Kidnapping for ransom under Section 364A Indian penal code

It is relevant to point out that Section 364A had been introduced in the Indian penal code by virtue of Amendment Act 42 of 1993. The statement of objects and reasons are as follows:

Statement of Objects and Reasons.’Kidnappings by terrorists for ransom, for creating panic amongst the people and for securing release of arrested associates and cadres have assumed serious dimensions. The existing provisions of law have proved to be inadequate as deterrence. The Law Commission in its 42nd Report has also recommended a specific provision to deal with this menace. It (was) necessary to amend the Indian penal code to provide for deterrent punishment to persons committing such acts and to make consequential amendments to the code of Criminal Procedure, 1973.

It is clear from the above the concern of Parliament in dealing with cases relating to kidnapping for ransom, a crime which called for a deterrent punishment, irrespective of the fact that kidnapping had not resulted in death of the victim.

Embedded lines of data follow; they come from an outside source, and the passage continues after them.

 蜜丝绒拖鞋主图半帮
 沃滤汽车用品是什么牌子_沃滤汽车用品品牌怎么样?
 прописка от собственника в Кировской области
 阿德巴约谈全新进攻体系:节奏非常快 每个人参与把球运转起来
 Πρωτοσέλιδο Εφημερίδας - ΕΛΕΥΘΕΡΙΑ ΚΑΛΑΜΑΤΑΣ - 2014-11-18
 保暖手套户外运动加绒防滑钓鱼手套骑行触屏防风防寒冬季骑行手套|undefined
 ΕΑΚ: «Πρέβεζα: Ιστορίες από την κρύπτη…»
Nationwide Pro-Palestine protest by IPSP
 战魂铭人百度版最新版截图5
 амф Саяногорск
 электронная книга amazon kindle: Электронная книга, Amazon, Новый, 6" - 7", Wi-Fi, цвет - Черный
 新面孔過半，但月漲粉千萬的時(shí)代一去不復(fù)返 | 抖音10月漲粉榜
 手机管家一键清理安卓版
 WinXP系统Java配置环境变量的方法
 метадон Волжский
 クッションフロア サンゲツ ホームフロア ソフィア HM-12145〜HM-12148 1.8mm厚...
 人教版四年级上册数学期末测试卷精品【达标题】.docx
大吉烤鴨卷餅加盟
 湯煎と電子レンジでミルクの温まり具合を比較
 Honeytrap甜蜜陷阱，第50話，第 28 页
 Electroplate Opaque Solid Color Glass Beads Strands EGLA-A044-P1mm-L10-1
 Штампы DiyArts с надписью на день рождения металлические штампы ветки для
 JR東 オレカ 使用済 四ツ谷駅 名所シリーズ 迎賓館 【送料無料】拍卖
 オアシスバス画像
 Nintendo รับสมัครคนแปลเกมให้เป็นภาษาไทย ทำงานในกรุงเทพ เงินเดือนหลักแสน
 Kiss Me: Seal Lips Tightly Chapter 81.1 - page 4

In Malleshi v. State of Karnataka, (2004) 8 SCC 95, while considering the ingredients of Section 364A Indian penal code, this Court held as under:

To attract the provisions of Section 364A what is required to be proved is: (1) that the accused kidnapped or abducted the person; (2) kept him under detention after such kidnapping and abduction; and (3) that the kidnapping or abduction was for ransom’.

To pay a ransom, as stated in the above referred Section, in the ordinary sense means to pay the price or demand for ransom. This would show that the demand has to be communicated.

In Vinod v. State of Haryana, AIR 2008 SC 1142, while reiterating the principles enunciated in Malleshi (supra), this Court accepted the case of the prosecution and confirmed the conviction and sentence of life imprisonment imposed under Section 364A Indian penal code.